**What is being asked**. Transcribe the listing that follows in full, omitting pictures.

**Supplied information**.
● ● ●

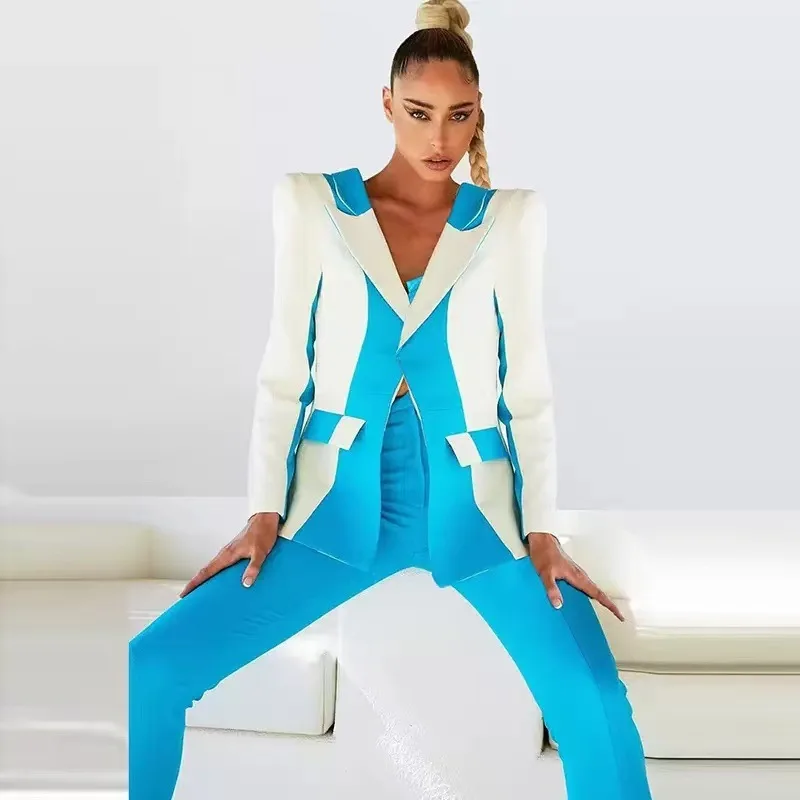 

Fashionable Color Block Two Button Small Suit Straight Leg Pants Set New Arrival Celebrity Endorsed Two Piece Women's Ensemble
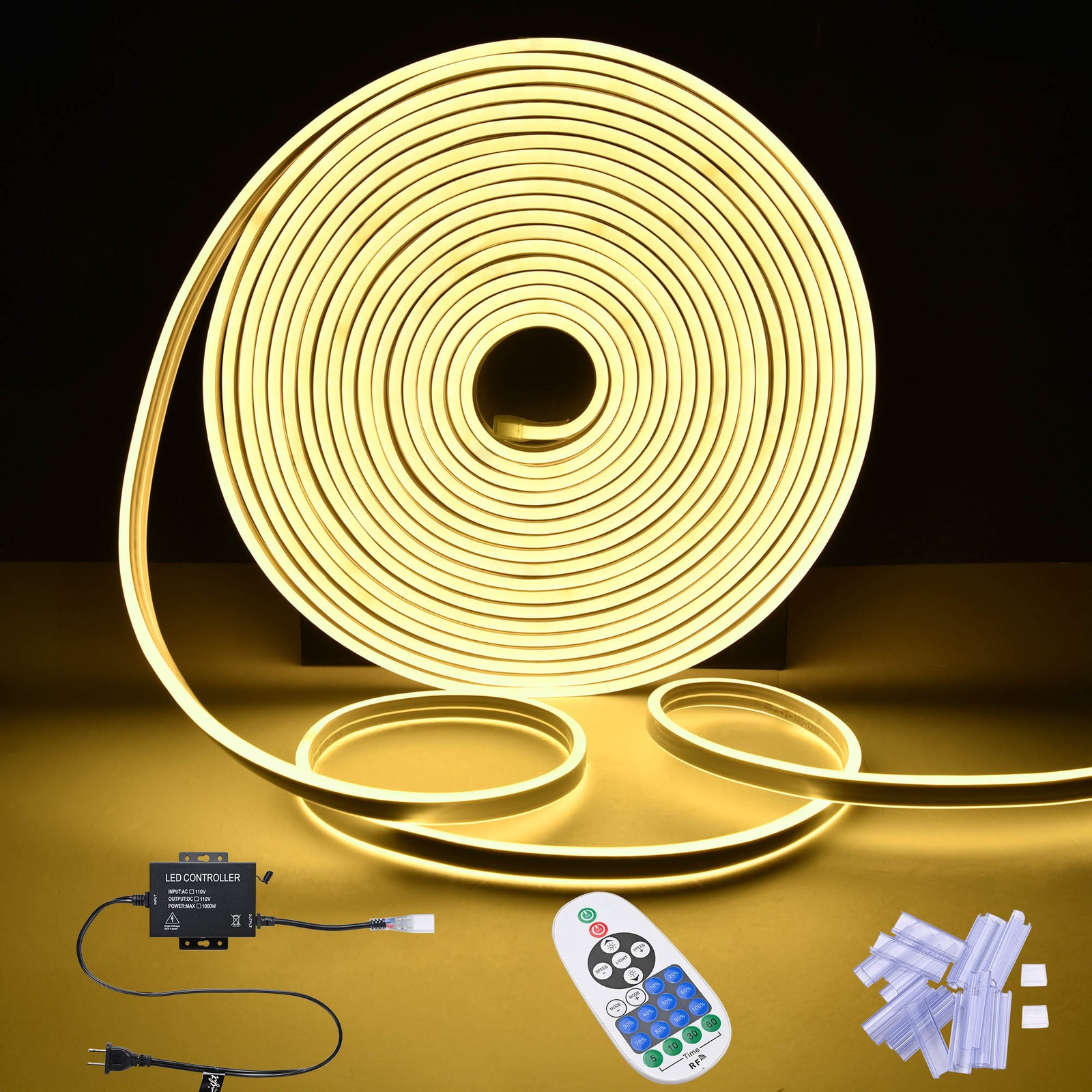 DELight 50FT/100FT/150FT Warm White Rope Light with Pin Extension Cord Channels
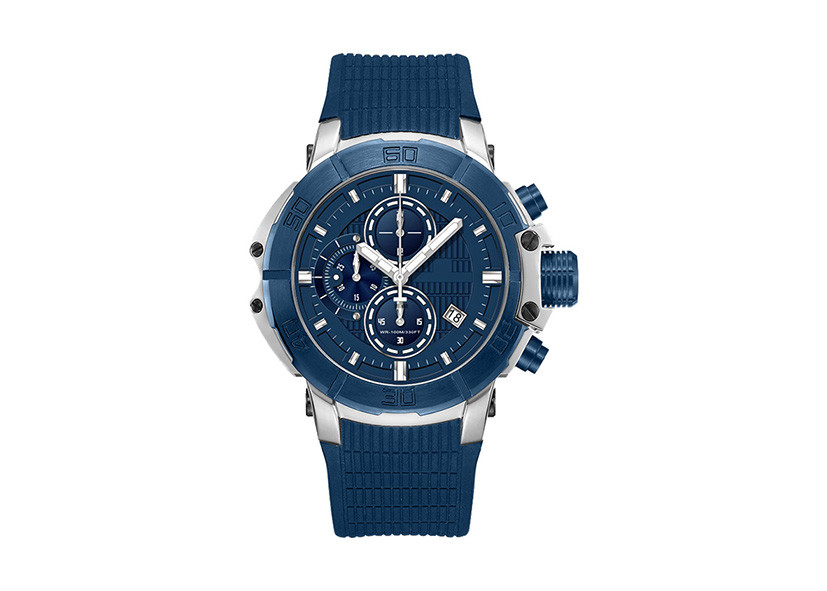 Rose Gold Stainless Steel Chronograph Watch Men High Strenght Silicone Strap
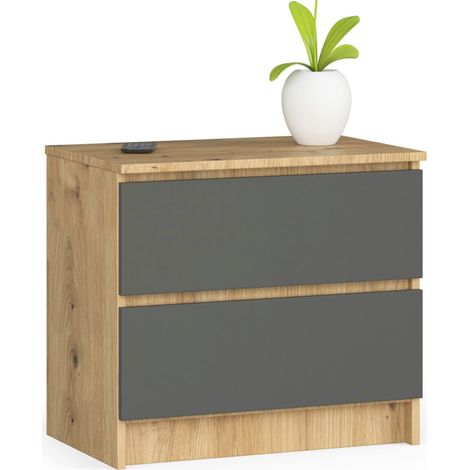 Nachttisch AKORD K60 in der Farbe Eiche Artisan mit 2 Schubladen Front Graphitgrau B60 x H55 x T40 cm (1/4)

● ● ●

**Exercise response**.
Fashionable Color Block Two Button Small Suit Straight Leg Pants Set New Arrival Celebrity Endorsed Two Piece Women's Ensemble
 DELight 50FT/100FT/150FT Warm White Rope Light with Pin Extension Cord Channels
 Rose Gold Stainless Steel Chronograph Watch Men High Strenght Silicone Strap
 Nachttisch AKORD K60 in der Farbe Eiche Artisan mit 2 Schubladen Front Graphitgrau B60 x H55 x T40 cm (1/4)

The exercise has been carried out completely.